Sunday, February 27, 2011

Review: The Age of Innocence

Title: The Age of Innocence
Author:  Edith WHarton
Published: 1920, D. Appleton & Company
Genre:  Classic
Accolades:  1921 Putlitzer (first Pultizer given to a woman), Modern Library List: 100 Best Books of the Century, Radcliff Publishing Course:  100 Best Novels of the Century and on and on...

I wasn't sure what to expect when I started reading Edith Wharton's The Age of Innocence, but I was wonderfully surprised at the depth of Wharton's wit and her satirical analyze of the society in which she belonged.  With the introduction of our protagonist Newland Archer we are given a "fly on the wall" perspective of what it was like to live and circumvent the twists and turns of high society in New York City during the Gilded Age.  Archer is very much a product of his society and it's rules and is happy to live by them because he understands what happens to those who try to go against the norms of his world.  When Archer meets his fiancee's cousin Ellen Olenska, a woman who is escaping a scandalous marriage, he knows that this women is capable of changing his world for better or worse, but like a moth drawn to the flame - he can't resist.

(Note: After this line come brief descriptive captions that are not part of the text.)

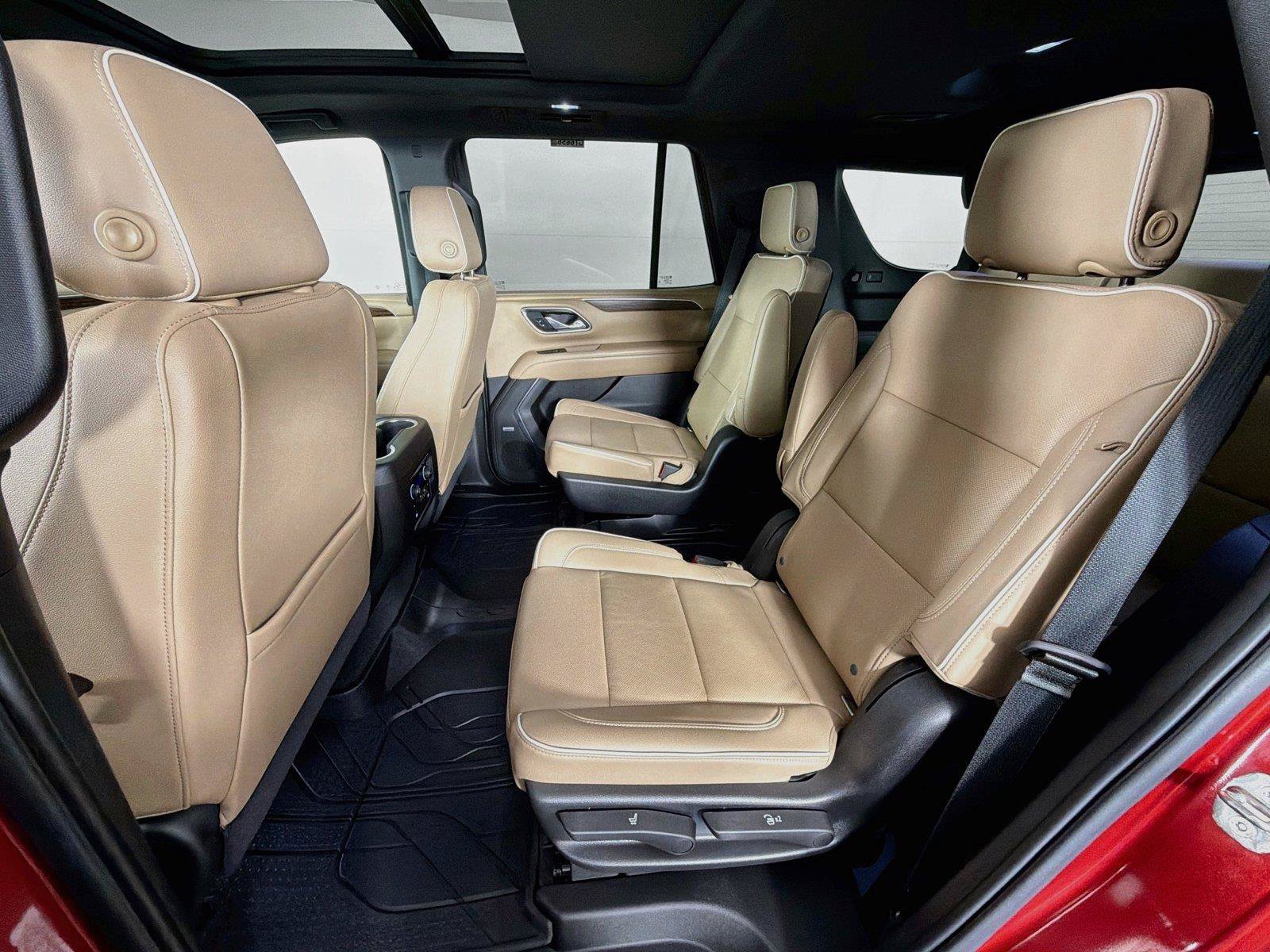 Used 2021 Chevrolet Tahoe Premier w/ Premium Package AWD/4WD image 24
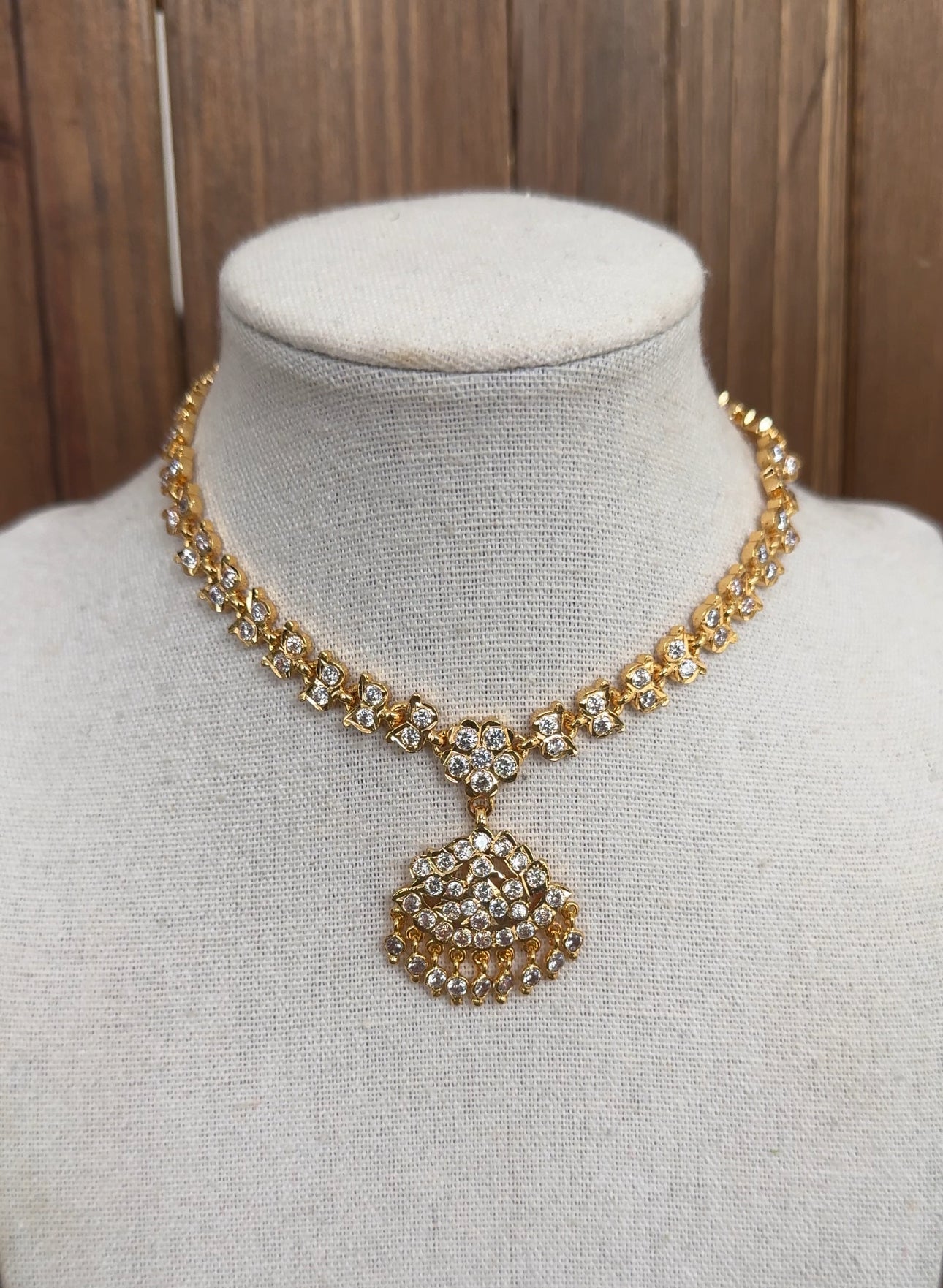 Impoun Necklace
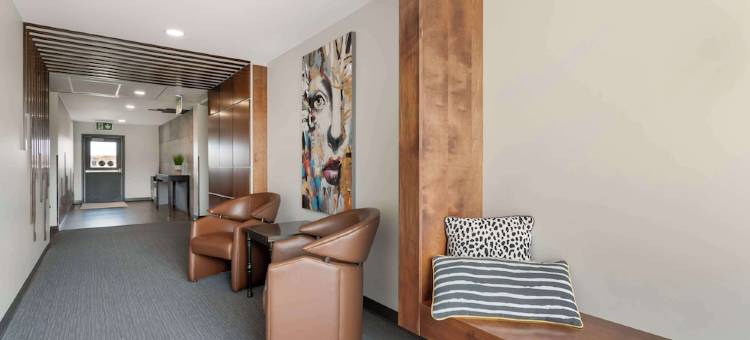 Villa Inn  Suites, SureStay Collection by Best Western图片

I found myself thinking about what it would have been like to live in that tightly guarded circle of society and how difficult it was to become a part of it or to escape it.  You would almost have to be born into it to understand the nuances of what is expected - lessons that took a lifetime to learn.  The society wasn't about money because they frowned upon the new money and crassness of the Carnegie's, Frick's, and Rockefeller's. Even those captains of industry could not buy themselves memberships into this elite group.

Wharton's development of her characters is artfully crafted as you realize that the characters that appeared to be weakest and shallow are the strongest and most manipulative. What one would do to preserve appearances due to the code is tragic and heart-felt.  Love is not the number one priority - it is your placement in society.

My Rating: 5 out of 5
Note: I read the 2008 Oxford World's Classic edition

1 comment:

ImageNations said...

I purchased her autobiographical book Backward Glance last week. I hope to enjoy it as much as you did.